The former Shadow Chancellor has accused Corbyn of believing that the strength of support from his core sore supporters is indicative of the electorate at large, and of indulging in a “leftist utopian fantasy”.
Balls makes the criticisms in his forthcoming memoir, Speaking Out, which is being serialised in The Times. He is the latest major Labour figure to come out against Corbyn, and follows Ed Miliband endorsing challenger Owen Smith in the leadership contest.
In the latest revealing extract, Balls writes:
“Refusing to listen to the electorate has never been a winning formula, any more than Jeremy Corbyn thinking the volume of the cheering from your core supporters is a reliable guide to wider public opinion. Caution will not win the day; but nor will Jeremy Corbyn’s leftist utopian fantasy, devoid of connection to the reality of people’s lives.”

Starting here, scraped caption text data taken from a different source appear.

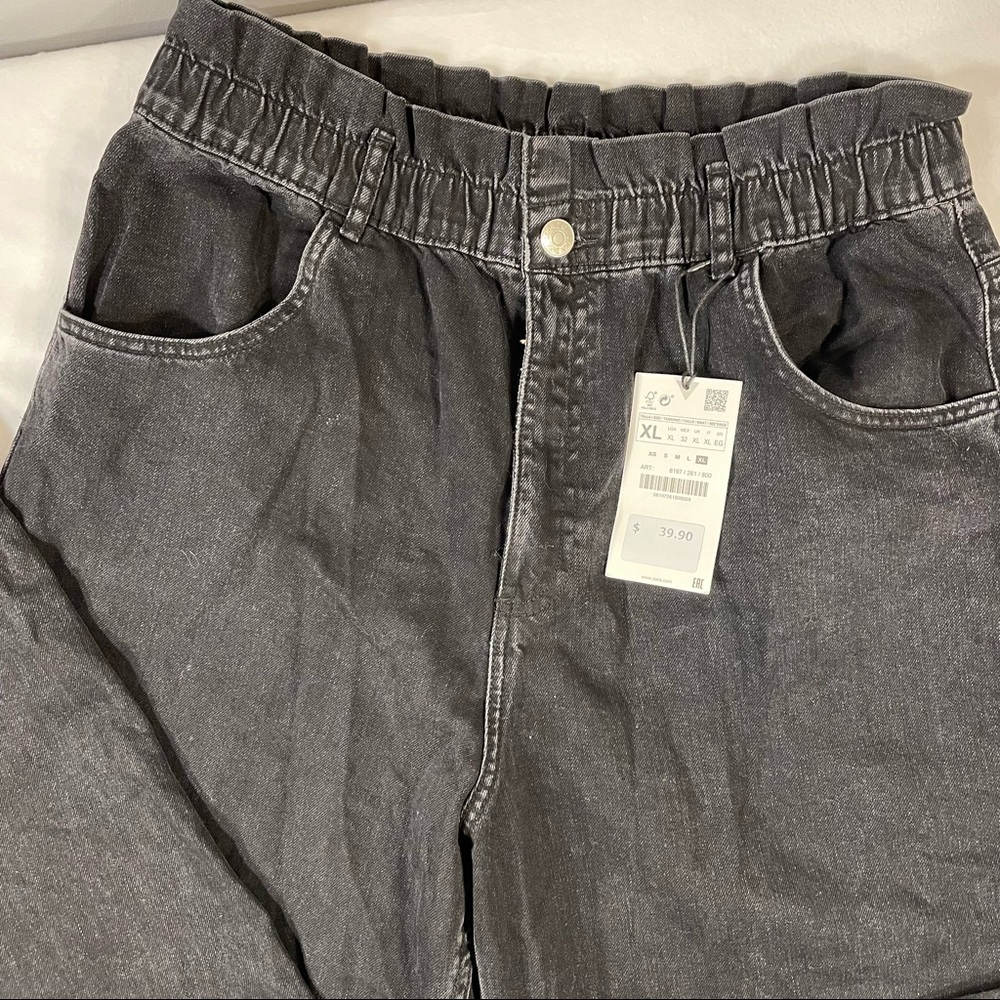 NWT Zara Black Elastic Paper Bag Waist Ultra High Rise 100% Cotton Jeans Size XL - Picture 6 of 16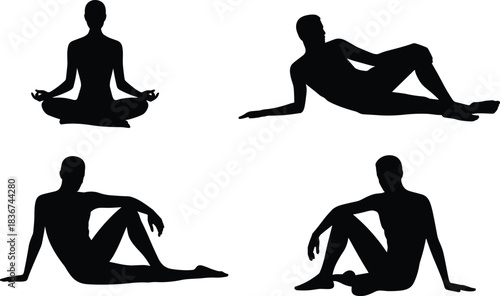 Silhouettes of seated and reclining figures — posture, relaxation, and gesture reference for wellness, yoga, and lifestyle design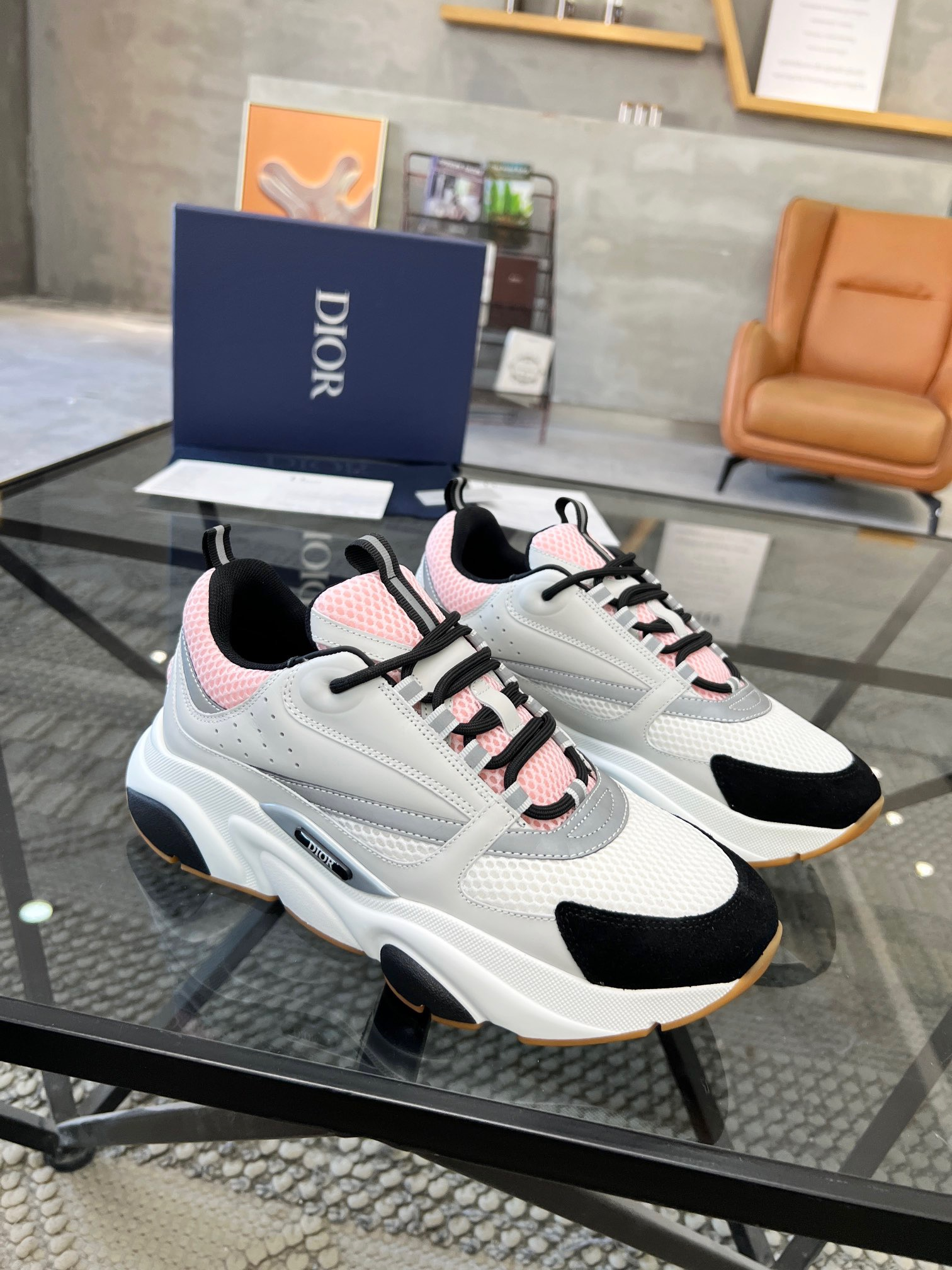 HOMME B22 TRAINER SNEAKER (Di0r B22 Pale Pink Grey)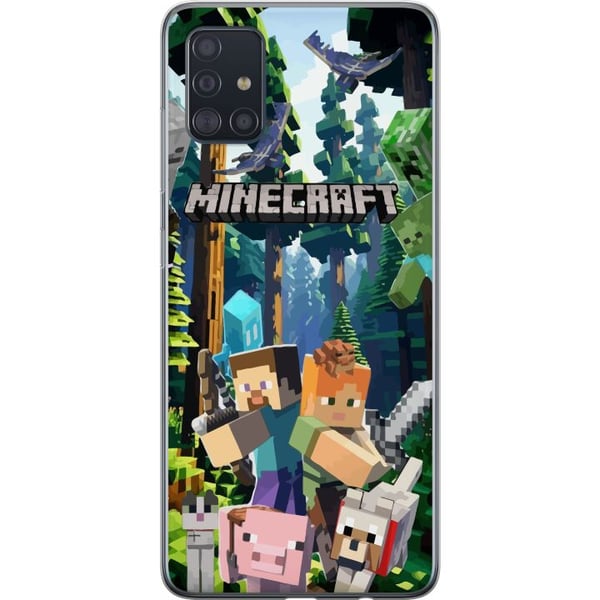 Kompatibelt Mobildeksel til Samsung Galaxy A51 Minecraft mobildeksel med skog og figurer i pikselstil Kompatibelt Mobildeksel til Samsung Galaxy A51 Minecraft mobildeksel med skog og figurer i pikselstil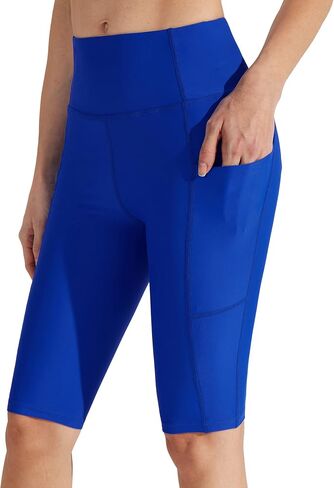 Libin Women's 12" High Waisted Long Swim Shorts UPF50+ Board Shorts Tummy Control Quick Dry with Pockets in Saudi Arabia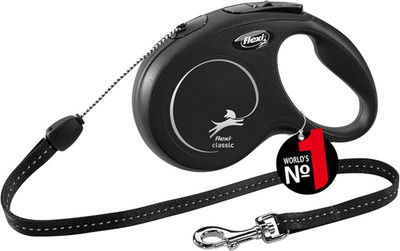 Flexi  Classic S | 8M Seil Roll-Leine Für Kleine Hunde Bis 12 Kg | Schwarz | Aus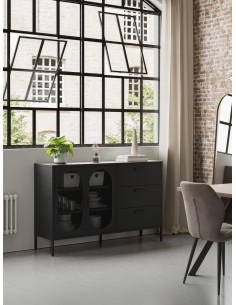 Aparador metálico minimalista Diora negro 140, 2 puertas... 2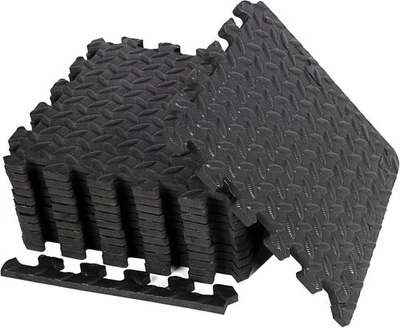 12 Pack Puzzle Exercise Floor Mat, EVA Foam Interlocking Tiles, Black, Large - image 1 of 4
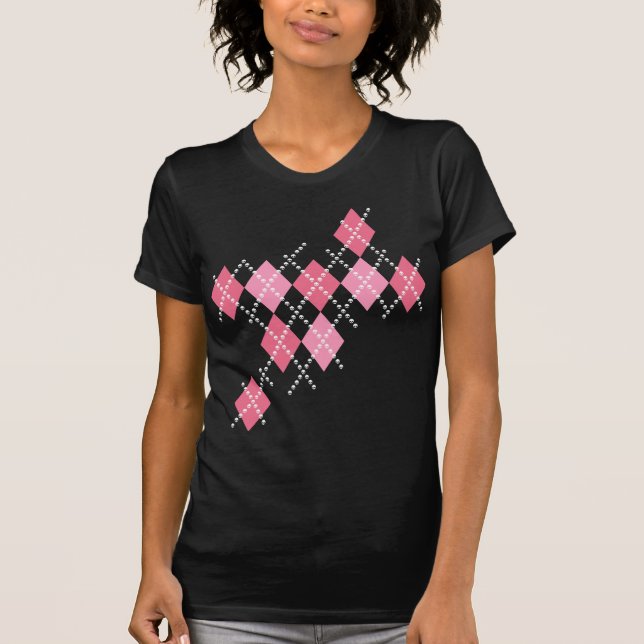 Pink Skull Argyle T-Shirt (Front)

In today’s extract, he also writes about his difficult relationship with Miliband, and his frustration at forgotten passages about closing he deficit in the leader’s 2014 conference speech.
“The omissions were a symbol of Labour not being willing to face up to the problems the country was worried about, and proof that we were trying to brush difficult issues under the carpet. We weren’t ready — and didn’t deserve — to return to government. It was incredibly frustrating,” Balls writes.
“Having kept me at a distance in the run-up to the election in 2015, I think we probably only spoke twice in the whole four-week election campaign. That was astonishingly dysfunctional when I compare it to how Tony and Gordon worked.”